_YOUR OBJECTIVE_
Pictures do not belong in the copy. Output exactly the lines from the one containing "Sonda Nasogastrica" to the end of the listing below.

_DATASET CONTENT_
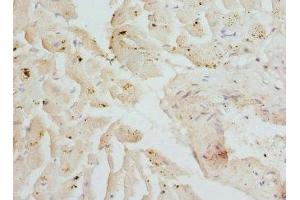 Immunohistochemistry of paraffin-embedded human heart tissue using ABIN7149014 at dilution of 1:100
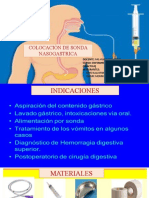 Sonda Nasogastrica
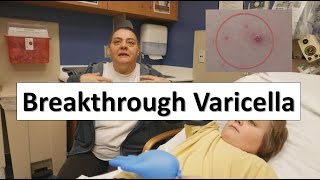 Breakthrough Varicella [upl. by Anale680]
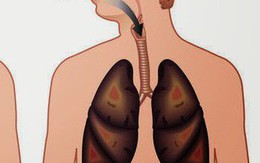 Một số phương pháp tự nhiên mà ai cũng có thể thực hiện để làm sạch phổi của mình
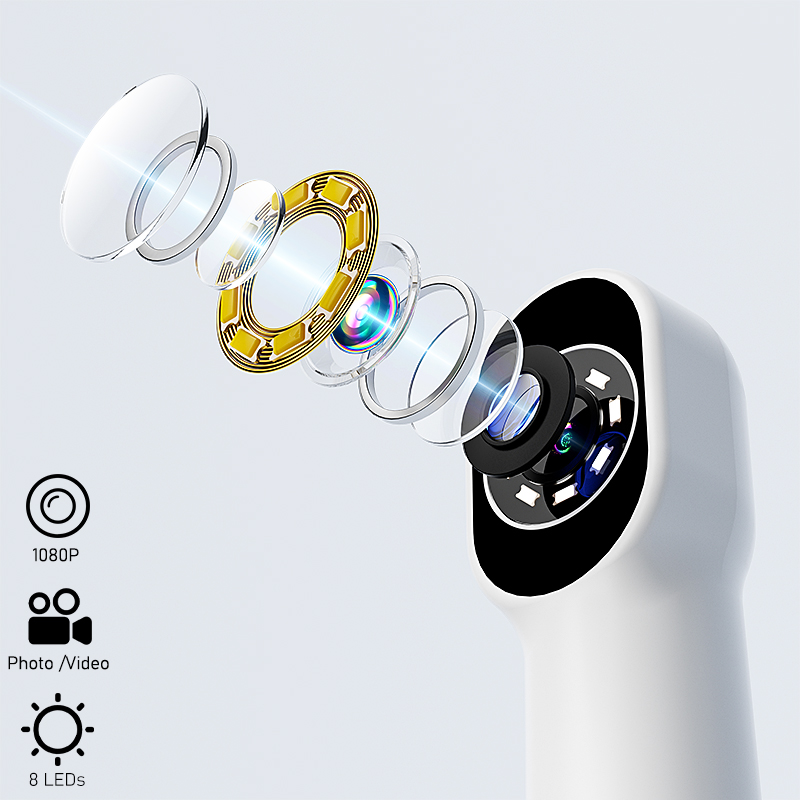 กล้องตรวจช่องปากไร้สายแบบพกพาส - Lighting Visual บทวิจารณ์และราคา
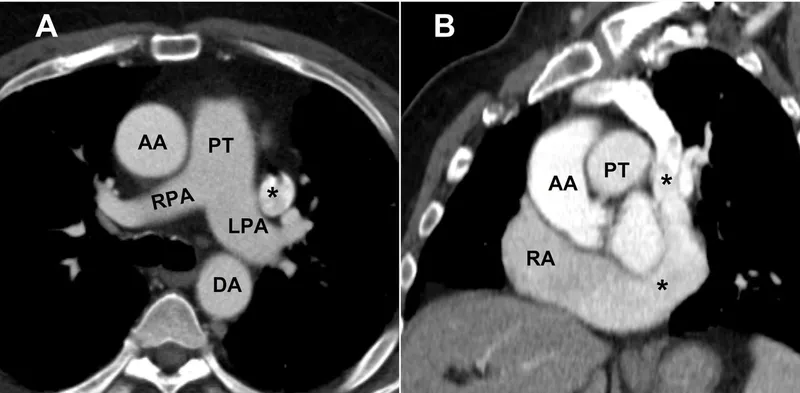 Axial & Sagittal CT: Thoracic Great Vessels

_SOLUTION TO THIS EXERCISE_
 Sonda Nasogastrica
 Breakthrough Varicella [upl. by Anale680]
 Một số phương pháp tự nhiên mà ai cũng có thể thực hiện để làm sạch phổi của mình
 กล้องตรวจช่องปากไร้สายแบบพกพาส - Lighting Visual บทวิจารณ์และราคา
 Axial & Sagittal CT: Thoracic Great Vessels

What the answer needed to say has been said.